Evangelicals have never been known for their robust theology of the church. Previous centuries could boast of many learned, almost comprehensive volumes, on the polity, powers, and purpose of the church. We could use more of that today ... The folks at 9Marks have done a lot to expound a practical, theological doctrine of the church. But some of our biggest disagreements have to do with the church: multisite, worship, governance, the place for denomination, the place for parachurch organizations, the place for trans-denominational entities, the role of the church in society, the relationship between the church and the kingdom, the nature of the offices, the role for ordinary means, and the list goes on. Underneath it all is the question of whether the Bible even speaks to most of our church questions. Maybe our ecclessiology is thin because the Bible is very flexible. Or maybe we have more work to do.

That by itself is of course an issue of concern, and I would certainly concede that. The New Evangelical Calvinists are still New Evangelicals at heart, and ecclesiology is oftentimes not even on their radar.

The issue I have is not that these are not legitimate concerns, but that these are secondary concerns compared to the primacy of the Gospel. Ecclesiology while important takes second place behind the Gospel. People are saved, then they join the Church. Even for infants born to believing parents, they are logically brought into the external aspect of the Covenant of Grace (by God) before they join the Church (which is another way to say that God accepts them therefore we baptize them, not the other way around). The Covenant of Grace is primary; the Church flows out of the Covenant of Grace which brings salvation to Man.

In the bid to get away from the radical individualism of modern day Evangelicalism, we must not swing to the extreme of some form of collectivism where ecclesiology becomes primary rather than the Gospel, as has happened in the Federal Vision.
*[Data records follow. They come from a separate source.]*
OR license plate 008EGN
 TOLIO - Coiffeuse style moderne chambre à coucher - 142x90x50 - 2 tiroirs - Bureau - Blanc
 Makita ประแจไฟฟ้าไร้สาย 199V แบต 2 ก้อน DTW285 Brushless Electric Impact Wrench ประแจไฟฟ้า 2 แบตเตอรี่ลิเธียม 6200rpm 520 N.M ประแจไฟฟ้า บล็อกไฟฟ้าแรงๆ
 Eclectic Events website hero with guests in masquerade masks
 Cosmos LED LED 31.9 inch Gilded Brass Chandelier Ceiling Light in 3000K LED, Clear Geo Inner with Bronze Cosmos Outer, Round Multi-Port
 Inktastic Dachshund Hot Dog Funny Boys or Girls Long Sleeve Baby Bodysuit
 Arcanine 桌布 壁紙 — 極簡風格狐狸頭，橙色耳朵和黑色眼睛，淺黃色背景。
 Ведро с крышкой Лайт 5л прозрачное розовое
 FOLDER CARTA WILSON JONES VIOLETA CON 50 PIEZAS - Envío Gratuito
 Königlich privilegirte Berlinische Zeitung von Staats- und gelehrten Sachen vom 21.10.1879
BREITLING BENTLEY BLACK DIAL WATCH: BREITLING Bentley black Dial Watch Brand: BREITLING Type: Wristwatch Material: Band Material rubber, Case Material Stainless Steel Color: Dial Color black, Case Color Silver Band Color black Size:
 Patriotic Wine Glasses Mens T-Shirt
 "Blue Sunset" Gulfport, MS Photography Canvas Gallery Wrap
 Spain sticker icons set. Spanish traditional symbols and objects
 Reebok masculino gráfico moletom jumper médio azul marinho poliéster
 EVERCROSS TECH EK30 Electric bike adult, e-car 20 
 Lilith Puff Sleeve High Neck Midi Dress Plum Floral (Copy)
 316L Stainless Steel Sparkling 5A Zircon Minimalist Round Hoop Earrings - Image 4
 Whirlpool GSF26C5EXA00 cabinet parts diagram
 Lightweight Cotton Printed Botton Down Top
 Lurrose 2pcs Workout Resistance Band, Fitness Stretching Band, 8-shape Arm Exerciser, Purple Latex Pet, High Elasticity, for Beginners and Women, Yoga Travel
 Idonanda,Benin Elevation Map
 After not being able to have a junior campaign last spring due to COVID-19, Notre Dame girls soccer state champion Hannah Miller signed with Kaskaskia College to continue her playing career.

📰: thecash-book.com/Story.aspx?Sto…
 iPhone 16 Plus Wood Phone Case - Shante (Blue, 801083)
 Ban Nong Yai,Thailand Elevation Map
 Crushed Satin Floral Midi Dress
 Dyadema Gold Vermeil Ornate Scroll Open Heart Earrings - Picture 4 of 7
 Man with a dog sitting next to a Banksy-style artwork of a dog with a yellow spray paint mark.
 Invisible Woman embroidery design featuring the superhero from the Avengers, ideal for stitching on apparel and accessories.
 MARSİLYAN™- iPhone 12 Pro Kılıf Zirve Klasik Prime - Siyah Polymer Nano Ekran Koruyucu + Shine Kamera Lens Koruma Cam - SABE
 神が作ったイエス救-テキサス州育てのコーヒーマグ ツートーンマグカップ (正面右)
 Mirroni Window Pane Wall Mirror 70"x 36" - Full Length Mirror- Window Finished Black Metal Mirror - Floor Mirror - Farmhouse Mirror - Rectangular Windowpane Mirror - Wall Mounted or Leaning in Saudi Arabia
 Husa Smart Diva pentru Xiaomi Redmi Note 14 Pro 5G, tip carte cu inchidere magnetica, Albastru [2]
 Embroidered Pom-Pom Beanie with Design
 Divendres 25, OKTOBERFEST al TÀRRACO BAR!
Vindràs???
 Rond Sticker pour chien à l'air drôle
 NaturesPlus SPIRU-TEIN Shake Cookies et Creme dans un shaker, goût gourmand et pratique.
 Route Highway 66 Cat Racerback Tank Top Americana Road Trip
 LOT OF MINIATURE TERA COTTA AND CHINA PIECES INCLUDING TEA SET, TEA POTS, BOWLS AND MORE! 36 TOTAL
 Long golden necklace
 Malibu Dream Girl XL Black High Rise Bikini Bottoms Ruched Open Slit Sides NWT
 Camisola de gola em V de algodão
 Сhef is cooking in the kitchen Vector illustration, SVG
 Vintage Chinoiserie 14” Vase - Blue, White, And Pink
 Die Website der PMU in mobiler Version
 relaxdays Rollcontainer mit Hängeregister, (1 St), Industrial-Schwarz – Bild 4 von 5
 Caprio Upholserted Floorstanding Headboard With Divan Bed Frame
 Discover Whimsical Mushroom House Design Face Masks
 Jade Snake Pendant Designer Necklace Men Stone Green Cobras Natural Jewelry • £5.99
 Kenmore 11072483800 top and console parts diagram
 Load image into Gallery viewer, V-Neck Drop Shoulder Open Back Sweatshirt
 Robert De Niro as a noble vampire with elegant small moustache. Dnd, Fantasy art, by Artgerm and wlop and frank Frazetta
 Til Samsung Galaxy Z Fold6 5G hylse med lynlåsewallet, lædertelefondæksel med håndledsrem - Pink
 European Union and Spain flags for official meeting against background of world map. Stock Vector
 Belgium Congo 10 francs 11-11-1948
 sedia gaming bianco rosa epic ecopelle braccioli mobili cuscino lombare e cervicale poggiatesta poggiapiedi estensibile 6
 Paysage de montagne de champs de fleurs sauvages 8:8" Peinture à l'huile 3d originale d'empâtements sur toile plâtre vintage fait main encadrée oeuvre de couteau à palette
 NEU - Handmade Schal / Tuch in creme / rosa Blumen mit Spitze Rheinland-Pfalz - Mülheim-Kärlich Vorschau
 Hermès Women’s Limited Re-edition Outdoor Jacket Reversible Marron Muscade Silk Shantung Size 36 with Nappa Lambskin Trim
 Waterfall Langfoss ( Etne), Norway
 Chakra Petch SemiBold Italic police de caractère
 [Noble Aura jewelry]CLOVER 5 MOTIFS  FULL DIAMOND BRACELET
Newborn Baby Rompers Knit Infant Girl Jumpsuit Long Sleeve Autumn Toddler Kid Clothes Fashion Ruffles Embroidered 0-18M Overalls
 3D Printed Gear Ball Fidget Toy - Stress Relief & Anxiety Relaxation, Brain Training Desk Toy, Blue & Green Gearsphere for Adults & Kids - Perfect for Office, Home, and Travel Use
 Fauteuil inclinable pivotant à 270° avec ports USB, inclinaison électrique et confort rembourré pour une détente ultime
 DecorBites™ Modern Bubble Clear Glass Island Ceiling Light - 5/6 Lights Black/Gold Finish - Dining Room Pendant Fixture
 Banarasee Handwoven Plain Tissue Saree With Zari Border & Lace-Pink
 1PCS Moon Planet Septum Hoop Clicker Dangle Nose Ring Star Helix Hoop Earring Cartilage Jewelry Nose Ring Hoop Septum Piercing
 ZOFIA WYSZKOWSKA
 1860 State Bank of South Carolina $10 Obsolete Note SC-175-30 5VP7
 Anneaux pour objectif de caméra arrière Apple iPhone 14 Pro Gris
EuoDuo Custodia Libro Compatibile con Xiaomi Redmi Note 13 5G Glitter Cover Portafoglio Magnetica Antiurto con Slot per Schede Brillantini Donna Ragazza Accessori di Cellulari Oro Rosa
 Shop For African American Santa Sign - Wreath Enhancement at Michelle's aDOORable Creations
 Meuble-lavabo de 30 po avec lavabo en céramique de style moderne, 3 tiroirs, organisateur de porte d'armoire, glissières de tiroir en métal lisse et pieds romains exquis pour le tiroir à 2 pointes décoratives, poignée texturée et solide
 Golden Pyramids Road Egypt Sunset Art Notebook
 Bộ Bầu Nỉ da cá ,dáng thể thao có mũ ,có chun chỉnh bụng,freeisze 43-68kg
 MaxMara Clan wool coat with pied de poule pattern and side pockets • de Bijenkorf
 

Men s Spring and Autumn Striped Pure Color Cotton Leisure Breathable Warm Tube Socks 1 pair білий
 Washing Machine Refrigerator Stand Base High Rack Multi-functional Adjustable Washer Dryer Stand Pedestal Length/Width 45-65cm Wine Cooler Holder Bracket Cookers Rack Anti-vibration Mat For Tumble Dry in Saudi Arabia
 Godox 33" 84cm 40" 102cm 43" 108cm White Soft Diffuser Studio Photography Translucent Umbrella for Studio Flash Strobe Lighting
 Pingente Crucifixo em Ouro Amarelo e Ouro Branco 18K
The biblical view starts with the individual responding to the Gospel (or the individual baby accepted as a member of the external aspect of the Covenant of Grace). They are then brought into the Church body. The individualists are right in speaking of the individual aspect of salvation, as nobody can believe on behalf of another. The collectivists are right in emphasizing that Christians are to be in a Church as one body.

DeYoung's blindness therefore stems from the refusal to see the rot of the Gospel message within the YRR itself. If the Gospel is lost, there is no need to speak of the rest of the challenges of ecclesiology, missiology and sanctification.